A expressão “infernos” significa de um modo
geral um lugar baixo e profundo e designa os lugares
escondidos em que são detidas as almas que não conseguiram a
bem-aventurança do céu. Neste sentido aparece em muitos
lugares da Sagrada Escritura. Assim, por exemplo, na Epístola
de São Paulo aos Filipenses: "Ao nome de Jesus deve dobrar-se
todo joelho, no céu, na terra e nos infernos". Nos Atos dos
Apóstolos, São Pedro afirma que “Cristo Nosso Senhor
ressuscitou depois de vencer as dores dos infernos”.
São vários os sentidos da palavra “inferno”:
O primeiro é a horrenda e tenebrosa prisão em
que são atormentadas as almas dos condenados. É o inferno
propriamente dito, esse lugar de desesperação e de horror, em
que um fogo misterioso, que nunca se apaga, atormenta as almas
condenadas, juntamente com os demônios, sem nunca os
consumir.
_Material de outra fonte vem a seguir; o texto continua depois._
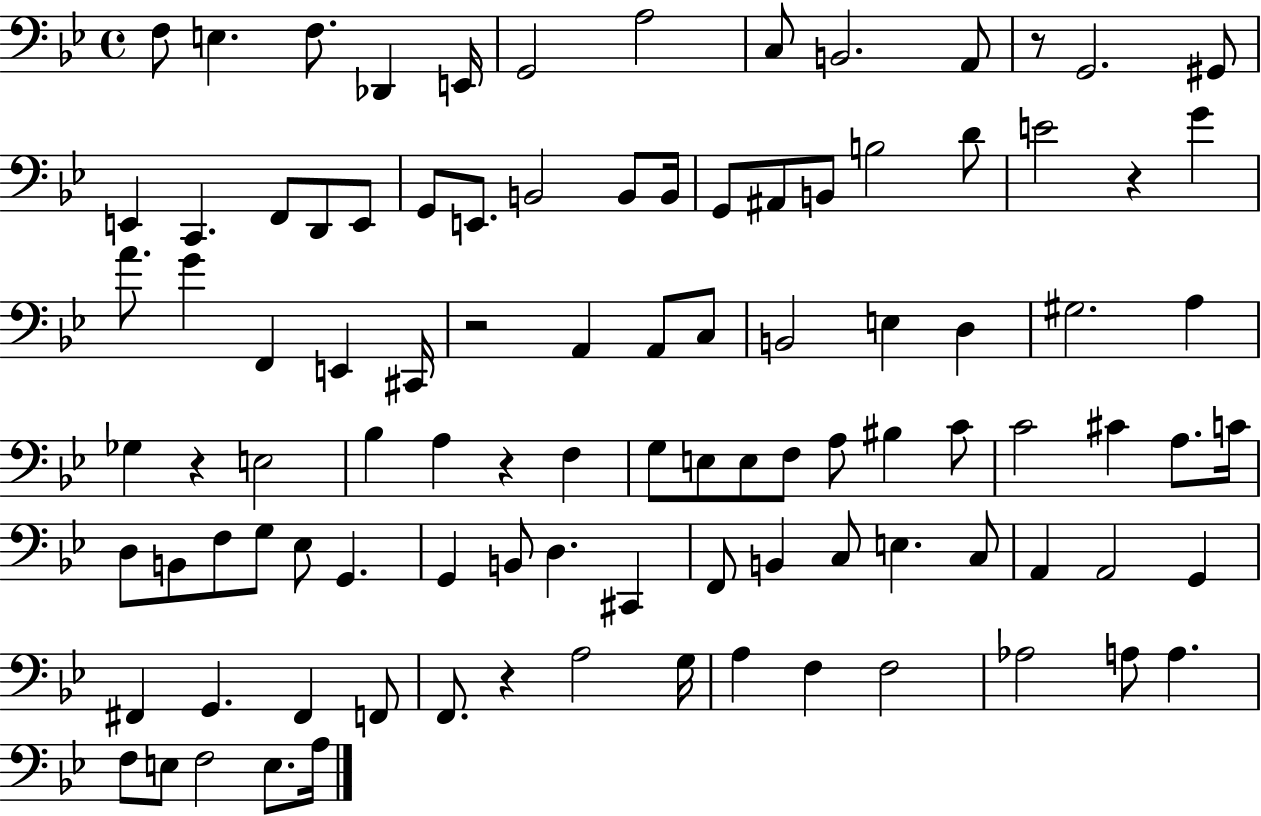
F3/e E3/q. F3/e. Db2/q E2/s G2/h A3/h C3/e B2/h. A2/e R/e G2/h. G#2/e E2/q C2/q. F2/e D2/e E2/e G2/e E2/e. B2/h B2/e B2/s G2/e A#2/e B2/e B3/h D4/e E4/h R/q G4/q A4/e. G4/q F2/q E2/q C#2/s R/h A2/q A2/e C3/e B2/h E3/q D3/q G#3/h. A3/q Gb3/q R/q E3/h Bb3/q A3/q R/q F3/q G3/e E3/e E3/e F3/e A3/e BIS3/q C4/e C4/h C#4/q A3/e. C4/s D3/e B2/e F3/e G3/e Eb3/e G2/q. G2/q B2/e D3/q. C#2/q F2/e B2/q C3/e E3/q. C3/e A2/q A2/h G2/q F#2/q G2/q. F#2/q F2/e F2/e. R/q A3/h G3/s A3/q F3/q F3/h Ab3/h A3/e A3/q. F3/e E3/e F3/h E3/e. A3/s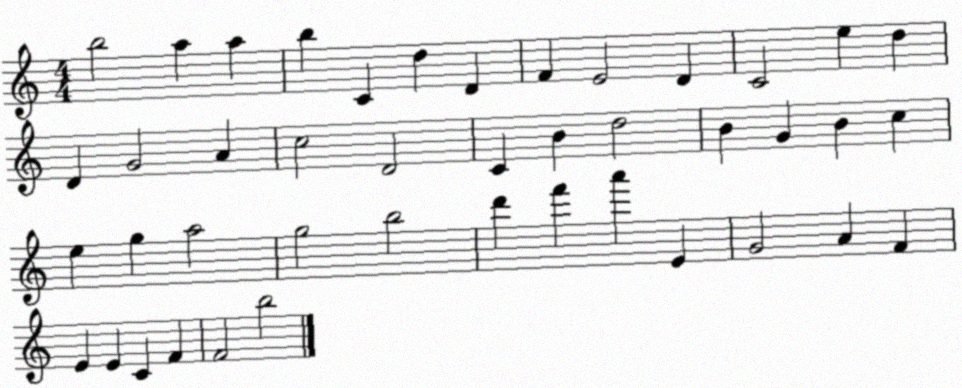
X:1
T:Untitled
M:4/4
L:1/4
K:C
b2 a a b C d D F E2 D C2 e d D G2 A c2 D2 C B d2 B G B c e g a2 g2 b2 d' f' a' E G2 A F E E C F F2 b2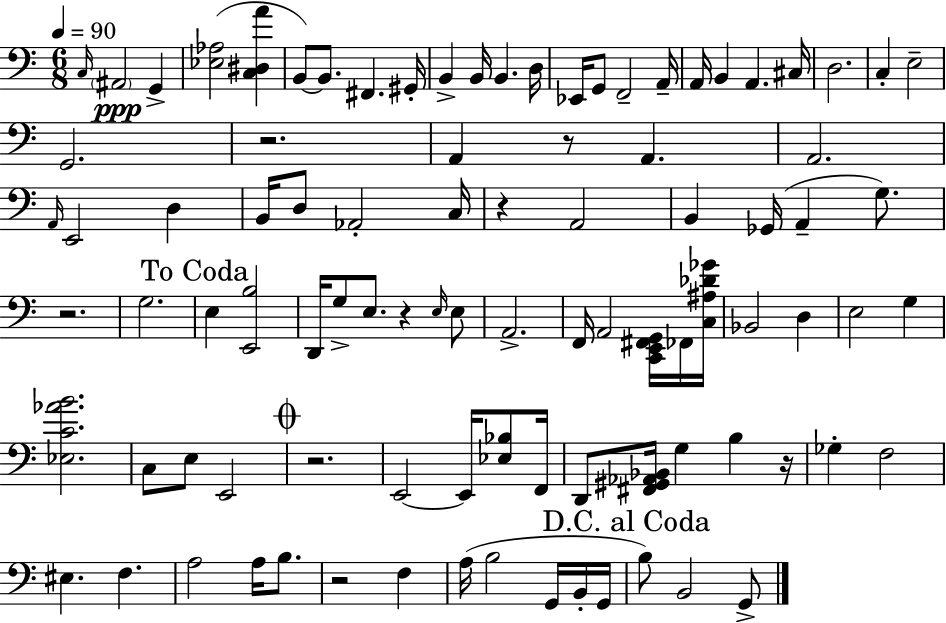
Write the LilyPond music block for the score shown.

{
  \clef bass
  \numericTimeSignature
  \time 6/8
  \key c \major
  \tempo 4 = 90
  \grace { c16 }\ppp \parenthesize ais,2 g,4-> | <ees aes>2( <c dis a'>4 | b,8~~) b,8. fis,4. | gis,16-. b,4-> b,16 b,4. | \break d16 ees,16 g,8 f,2-- | a,16-- a,16 b,4 a,4. | cis16 d2. | c4-. e2-- | \break g,2. | r2. | a,4 r8 a,4. | a,2. | \break \grace { a,16 } e,2 d4 | b,16 d8 aes,2-. | c16 r4 a,2 | b,4 ges,16( a,4-- g8.) | \break r2. | g2. | \mark "To Coda" e4 <e, b>2 | d,16 g8-> e8. r4 | \break \grace { e16 } e8 a,2.-> | f,16 a,2 | <c, e, fis, g,>16 fes,16 <c ais des' ges'>16 bes,2 d4 | e2 g4 | \break <ees c' aes' b'>2. | c8 e8 e,2 | \mark \markup { \musicglyph "scripts.coda" } r2. | e,2~~ e,16 | \break <ees bes>8 f,16 d,8 <fis, gis, aes, bes,>16 g4 b4 | r16 ges4-. f2 | eis4. f4. | a2 a16 | \break b8. r2 f4 | a16( b2 | g,16 b,16-. g,16 \mark "D.C. al Coda" b8) b,2 | g,8-> \bar "|."
}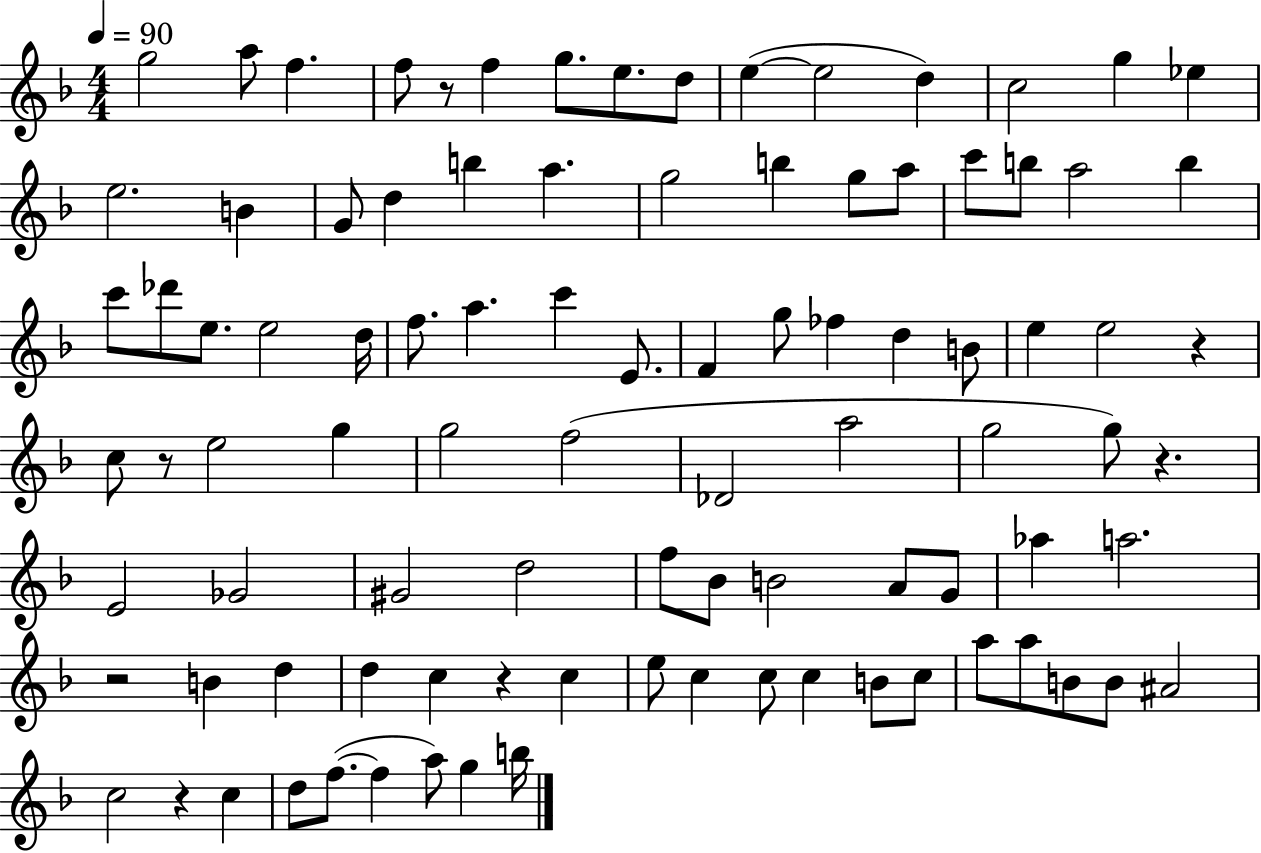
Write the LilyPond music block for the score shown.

{
  \clef treble
  \numericTimeSignature
  \time 4/4
  \key f \major
  \tempo 4 = 90
  g''2 a''8 f''4. | f''8 r8 f''4 g''8. e''8. d''8 | e''4~(~ e''2 d''4) | c''2 g''4 ees''4 | \break e''2. b'4 | g'8 d''4 b''4 a''4. | g''2 b''4 g''8 a''8 | c'''8 b''8 a''2 b''4 | \break c'''8 des'''8 e''8. e''2 d''16 | f''8. a''4. c'''4 e'8. | f'4 g''8 fes''4 d''4 b'8 | e''4 e''2 r4 | \break c''8 r8 e''2 g''4 | g''2 f''2( | des'2 a''2 | g''2 g''8) r4. | \break e'2 ges'2 | gis'2 d''2 | f''8 bes'8 b'2 a'8 g'8 | aes''4 a''2. | \break r2 b'4 d''4 | d''4 c''4 r4 c''4 | e''8 c''4 c''8 c''4 b'8 c''8 | a''8 a''8 b'8 b'8 ais'2 | \break c''2 r4 c''4 | d''8 f''8.~(~ f''4 a''8) g''4 b''16 | \bar "|."
}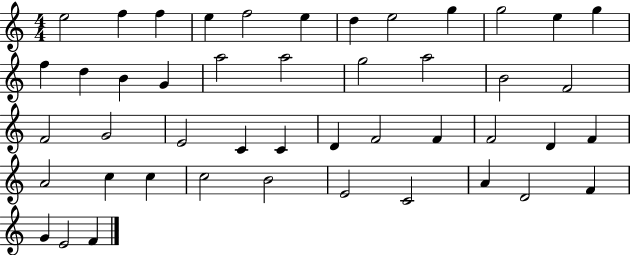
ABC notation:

X:1
T:Untitled
M:4/4
L:1/4
K:C
e2 f f e f2 e d e2 g g2 e g f d B G a2 a2 g2 a2 B2 F2 F2 G2 E2 C C D F2 F F2 D F A2 c c c2 B2 E2 C2 A D2 F G E2 F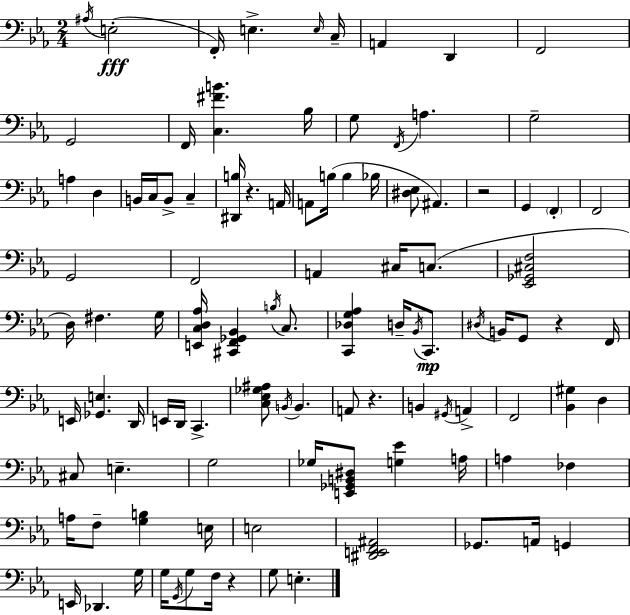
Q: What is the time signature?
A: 2/4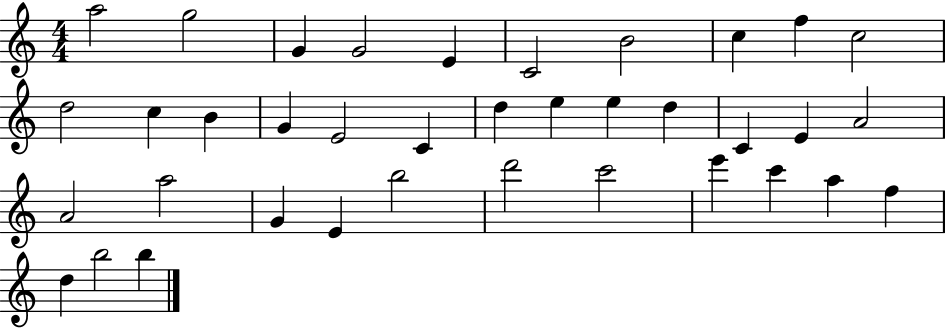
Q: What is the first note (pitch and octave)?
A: A5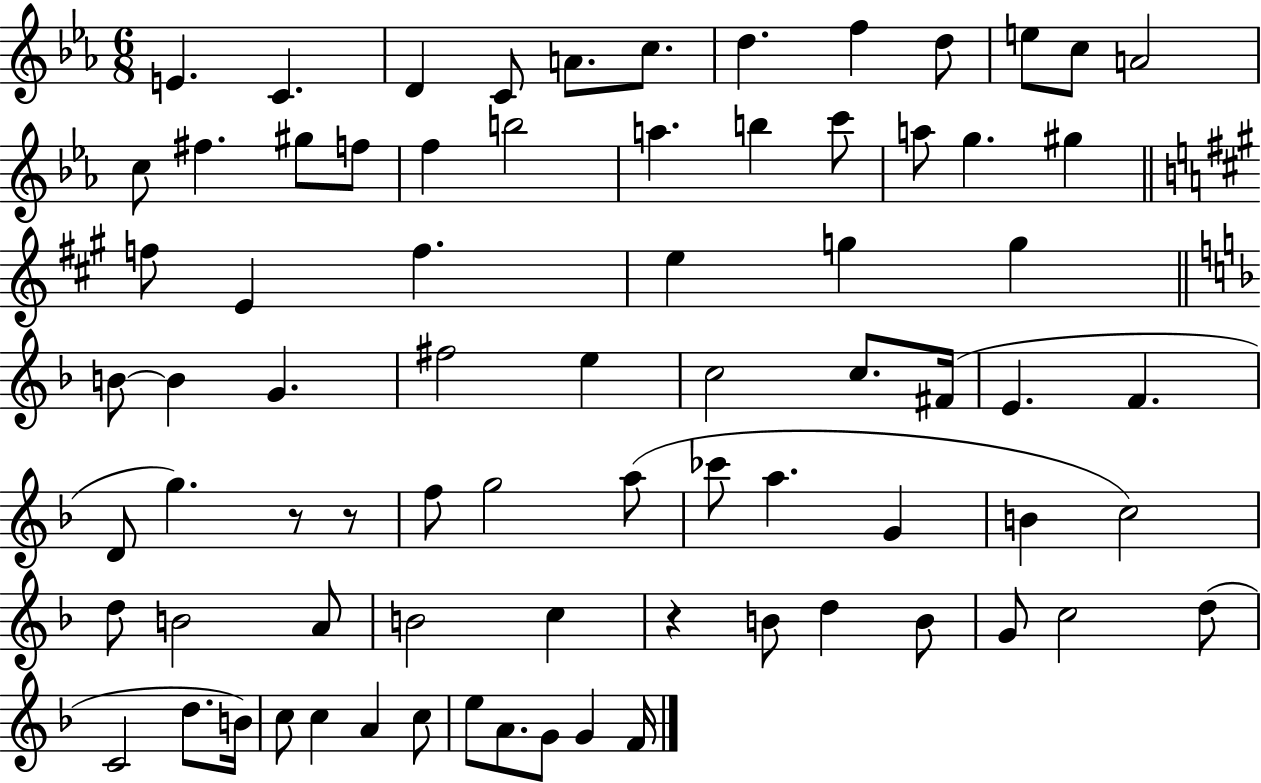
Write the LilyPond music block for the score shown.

{
  \clef treble
  \numericTimeSignature
  \time 6/8
  \key ees \major
  \repeat volta 2 { e'4. c'4. | d'4 c'8 a'8. c''8. | d''4. f''4 d''8 | e''8 c''8 a'2 | \break c''8 fis''4. gis''8 f''8 | f''4 b''2 | a''4. b''4 c'''8 | a''8 g''4. gis''4 | \break \bar "||" \break \key a \major f''8 e'4 f''4. | e''4 g''4 g''4 | \bar "||" \break \key f \major b'8~~ b'4 g'4. | fis''2 e''4 | c''2 c''8. fis'16( | e'4. f'4. | \break d'8 g''4.) r8 r8 | f''8 g''2 a''8( | ces'''8 a''4. g'4 | b'4 c''2) | \break d''8 b'2 a'8 | b'2 c''4 | r4 b'8 d''4 b'8 | g'8 c''2 d''8( | \break c'2 d''8. b'16) | c''8 c''4 a'4 c''8 | e''8 a'8. g'8 g'4 f'16 | } \bar "|."
}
É claro que não foi a esta horrível morada que
desceu a alma de Jesus Cristo depois de sua morte.
Há também um fogo de expiação no qual se
purificam as almas dos justos até que lhes seja dado entrar na
Pátria Celestial. É o purgatório, lugar onde devem permanecer
as almas daqueles que morrem em estado de graça, mas manchados
por culpas veniais e que devem ainda pagar a pena temporal
devida a pecados mortais já perdoados. É que no Céu, como nos
diz o Apocalipse, nada de impuro ou manchado pode entrar. Por
isso essas almas justas devem purificar-se antes de serem
admitidas à visão de Deus. Também não foi para o purgatório
que Jesus desceu depois da sua morte.
Existe, finalmente, uma terceira morada onde
permaneciam juntas e retidas as almas dos patriarcas, dos
profetas e de muitos outros justos que haviam morrido antes
da vinda de Jesus Cristo.
Este lugar chama-se vulgarmente o limbo dos
patriarcas. Dá-se-lhe também o nome de paraíso, e é deste
lugar que falava Jesus Cristo, quando disse ao bom ladrão:
“Hoje estarás comigo no paraíso” (Lc 23, 43).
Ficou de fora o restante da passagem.